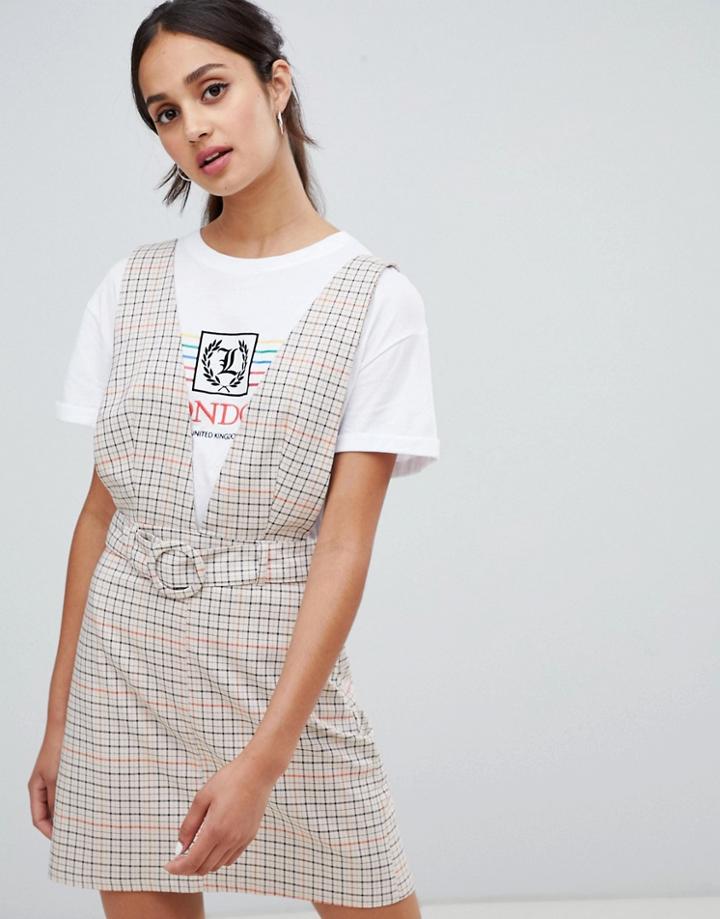 Bershka Pinafore Dress - Multi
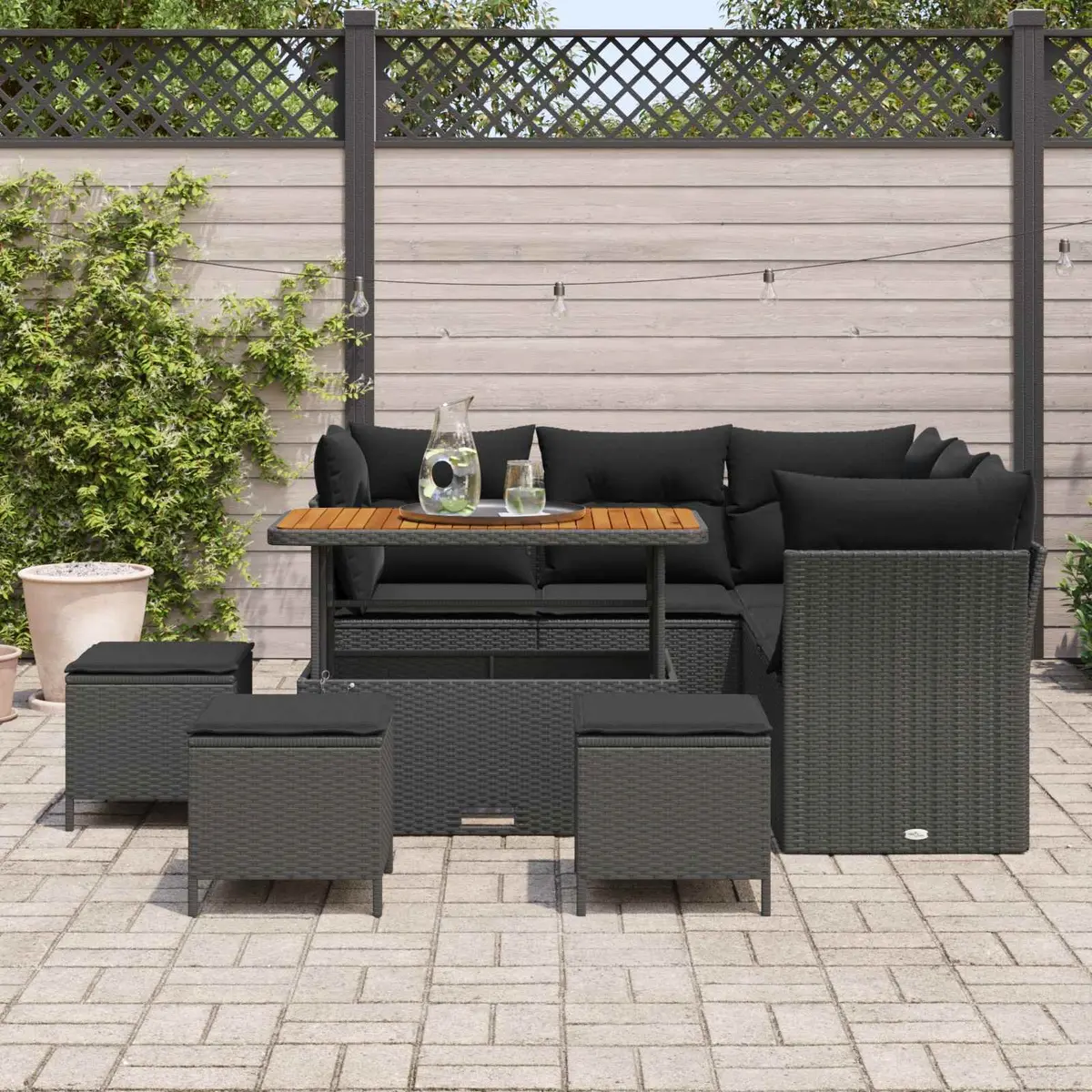 Modular 9pc Outdoor Sofa Set with Steel Frame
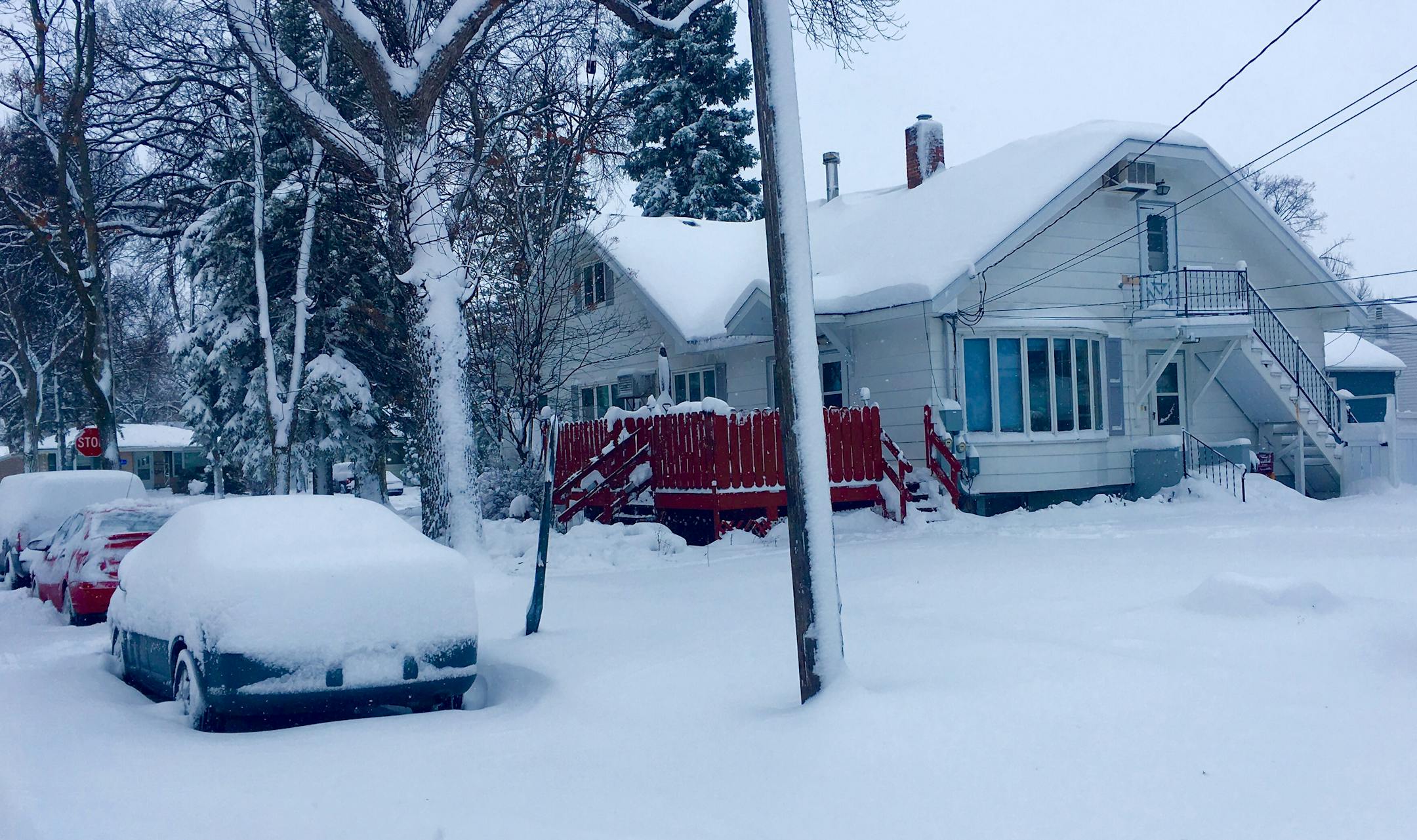 Snow fell in a substantial amount Tuesday in Grand Forks.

========================================================================

WHAT THIS TASK INVOLVES ▸
What is needed is a verbatim copy of the lines running from the one with "Modular 9pc Outdoor" through the last line of the listing above, excluding any pictures.

TASK RESULT ▸
 Modular 9pc Outdoor Sofa Set with Steel Frame
 Snow fell in a substantial amount Tuesday in Grand Forks.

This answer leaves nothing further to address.